Unfortunately, when the Baby Blues Army invaded during my physio session, they convinced me that because she looked nothing like me and I didn’t feel her ‘pass through’ my birth canal, I wasn’t really her mum. Ah dear.
The need for laxatives on day three (it was a big day)
They say that becoming a mother reveals a strength you never knew. But it’s not until you take laxatives three days later that you shock yourself with what you’re truly capable of.
Having to press the emergency button when I thought my husband had died
I had fallen asleep from exhaustion. I woke up about fifty minutes later, not knowing at the time how many hours or days had gone by.
My eyes located our baby sleeping in her crib. How did she get there?
Then I noticed my husband lying face-down on the bed next to me. When and how did he get there? What were we even doing before I fell asleep? Why was it dark?
I tried to wake him, hoping he’d have some answers. No response. I couldn’t hear his breath or locate a pulse either. No amount of shaking would rouse him. I started calling out his name at the risk of waking our baby. Nothing. Shaking turned into violent pushing.

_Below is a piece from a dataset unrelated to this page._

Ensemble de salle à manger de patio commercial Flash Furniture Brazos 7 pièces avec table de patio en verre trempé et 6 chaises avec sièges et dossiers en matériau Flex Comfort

For a few moments, I knew I had become the widow of a corpse, who dropped dead in a hospital, surrounded by people who could have helped him. I fell over him to reach the emergency button and pushed it over and over until a midwife ran in. She saw me melting into a humid puddle of despair, crying, “I think my husband is dead!”
Just as she entered, the zombie next to me rose and started asking the same questions I awoke with. The midwife glared at me and said, “This is what happens when you don’t get enough sleep.” Bloody hell.
My baby daddy outshining every single staff member with his bedside manner
This guy came prepared. Especially when he had to hold our baby girl for two hours while I was stitched up and sent to recovery. He took his shirt off to give her skin-on-skin comfort. He studied every part of her and realised that she did in fact inherit two things from me: a small point at the top of one ear and the shape of her feet. I love that he’d paid that much attention to the little quirks of my body. And his attention to detail carries through to the way he loves us both. I am deeply grateful for him. Let’s just hope he doesn’t die on me again.